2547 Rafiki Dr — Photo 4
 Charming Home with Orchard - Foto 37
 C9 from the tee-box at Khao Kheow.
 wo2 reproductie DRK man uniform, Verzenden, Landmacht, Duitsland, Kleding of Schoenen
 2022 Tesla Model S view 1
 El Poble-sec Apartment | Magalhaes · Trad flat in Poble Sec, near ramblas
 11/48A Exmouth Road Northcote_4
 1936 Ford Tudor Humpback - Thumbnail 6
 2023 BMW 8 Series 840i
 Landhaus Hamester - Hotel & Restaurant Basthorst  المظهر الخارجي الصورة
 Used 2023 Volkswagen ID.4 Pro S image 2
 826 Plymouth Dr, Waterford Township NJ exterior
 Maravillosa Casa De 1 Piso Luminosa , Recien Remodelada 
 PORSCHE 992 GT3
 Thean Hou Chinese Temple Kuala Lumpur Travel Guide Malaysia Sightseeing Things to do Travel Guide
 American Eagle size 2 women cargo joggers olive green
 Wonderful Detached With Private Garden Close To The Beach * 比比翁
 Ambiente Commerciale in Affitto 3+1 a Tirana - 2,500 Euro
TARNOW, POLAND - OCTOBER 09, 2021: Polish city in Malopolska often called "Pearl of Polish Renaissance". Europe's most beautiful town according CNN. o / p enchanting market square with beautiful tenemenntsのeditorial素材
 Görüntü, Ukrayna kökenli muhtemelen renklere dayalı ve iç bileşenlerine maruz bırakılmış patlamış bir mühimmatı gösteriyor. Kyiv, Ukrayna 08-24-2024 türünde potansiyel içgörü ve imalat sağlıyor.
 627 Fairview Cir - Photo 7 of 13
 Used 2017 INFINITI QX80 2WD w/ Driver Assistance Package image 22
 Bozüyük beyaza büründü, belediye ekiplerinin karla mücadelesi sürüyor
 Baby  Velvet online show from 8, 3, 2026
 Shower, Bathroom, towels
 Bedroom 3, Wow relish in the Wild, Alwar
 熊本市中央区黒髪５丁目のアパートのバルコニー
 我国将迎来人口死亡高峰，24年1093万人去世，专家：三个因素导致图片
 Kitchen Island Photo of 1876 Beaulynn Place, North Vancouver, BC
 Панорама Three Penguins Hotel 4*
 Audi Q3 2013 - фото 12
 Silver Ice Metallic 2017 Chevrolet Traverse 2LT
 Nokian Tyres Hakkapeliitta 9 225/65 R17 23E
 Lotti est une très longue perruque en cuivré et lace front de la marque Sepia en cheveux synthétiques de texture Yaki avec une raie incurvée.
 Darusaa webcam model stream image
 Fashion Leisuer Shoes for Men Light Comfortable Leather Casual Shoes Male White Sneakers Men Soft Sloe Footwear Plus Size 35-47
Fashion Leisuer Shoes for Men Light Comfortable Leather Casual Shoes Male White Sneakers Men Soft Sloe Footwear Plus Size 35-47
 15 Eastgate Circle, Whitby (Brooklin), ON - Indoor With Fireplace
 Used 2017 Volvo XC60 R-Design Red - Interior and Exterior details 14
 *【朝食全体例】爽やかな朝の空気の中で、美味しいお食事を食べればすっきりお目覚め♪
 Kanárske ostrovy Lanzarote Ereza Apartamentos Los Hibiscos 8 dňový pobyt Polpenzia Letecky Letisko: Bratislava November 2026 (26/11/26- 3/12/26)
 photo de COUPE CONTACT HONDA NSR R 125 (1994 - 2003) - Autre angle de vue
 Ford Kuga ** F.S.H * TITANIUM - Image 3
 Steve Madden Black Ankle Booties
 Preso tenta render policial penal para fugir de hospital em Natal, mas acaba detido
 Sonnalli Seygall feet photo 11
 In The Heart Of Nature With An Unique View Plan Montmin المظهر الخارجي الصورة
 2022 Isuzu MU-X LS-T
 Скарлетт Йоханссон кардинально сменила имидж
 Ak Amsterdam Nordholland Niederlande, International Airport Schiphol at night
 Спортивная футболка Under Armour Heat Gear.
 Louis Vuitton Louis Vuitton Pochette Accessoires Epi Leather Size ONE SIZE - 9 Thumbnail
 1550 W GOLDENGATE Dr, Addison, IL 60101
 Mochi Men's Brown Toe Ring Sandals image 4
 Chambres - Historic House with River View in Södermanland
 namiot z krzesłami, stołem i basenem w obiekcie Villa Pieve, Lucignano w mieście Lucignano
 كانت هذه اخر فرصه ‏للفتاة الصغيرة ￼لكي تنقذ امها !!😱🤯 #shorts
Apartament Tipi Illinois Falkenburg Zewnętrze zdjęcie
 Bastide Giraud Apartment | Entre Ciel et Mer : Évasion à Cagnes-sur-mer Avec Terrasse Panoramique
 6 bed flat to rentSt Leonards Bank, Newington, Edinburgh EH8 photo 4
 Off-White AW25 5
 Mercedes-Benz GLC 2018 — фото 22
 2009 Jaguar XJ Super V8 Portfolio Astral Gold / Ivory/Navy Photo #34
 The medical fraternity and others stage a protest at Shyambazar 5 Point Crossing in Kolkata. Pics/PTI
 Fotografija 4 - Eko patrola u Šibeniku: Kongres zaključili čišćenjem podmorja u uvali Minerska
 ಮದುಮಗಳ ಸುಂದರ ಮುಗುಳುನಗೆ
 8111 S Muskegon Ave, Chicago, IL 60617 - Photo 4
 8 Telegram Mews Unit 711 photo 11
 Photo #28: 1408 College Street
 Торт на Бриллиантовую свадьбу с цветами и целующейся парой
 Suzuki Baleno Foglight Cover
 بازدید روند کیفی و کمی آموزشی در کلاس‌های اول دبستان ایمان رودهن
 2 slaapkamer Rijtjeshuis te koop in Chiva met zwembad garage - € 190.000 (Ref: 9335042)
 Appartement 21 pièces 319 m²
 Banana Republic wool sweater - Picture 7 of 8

============

### Exercise brief
Return only the part of the records above that opens with the line containing "我国将迎来人口死亡高峰，24年1093万人去世，专家：三个因素导致图片" and closes with the line containing "15 Eastgate Circle, Whitby", ends included.

### Answer to this exercise
 我国将迎来人口死亡高峰，24年1093万人去世，专家：三个因素导致图片
 Kitchen Island Photo of 1876 Beaulynn Place, North Vancouver, BC
 Панорама Three Penguins Hotel 4*
 Audi Q3 2013 - фото 12
 Silver Ice Metallic 2017 Chevrolet Traverse 2LT
 Nokian Tyres Hakkapeliitta 9 225/65 R17 23E
 Lotti est une très longue perruque en cuivré et lace front de la marque Sepia en cheveux synthétiques de texture Yaki avec une raie incurvée.
 Darusaa webcam model stream image
 Fashion Leisuer Shoes for Men Light Comfortable Leather Casual Shoes Male White Sneakers Men Soft Sloe Footwear Plus Size 35-47
Fashion Leisuer Shoes for Men Light Comfortable Leather Casual Shoes Male White Sneakers Men Soft Sloe Footwear Plus Size 35-47
 15 Eastgate Circle, Whitby (Brooklin), ON - Indoor With Fireplace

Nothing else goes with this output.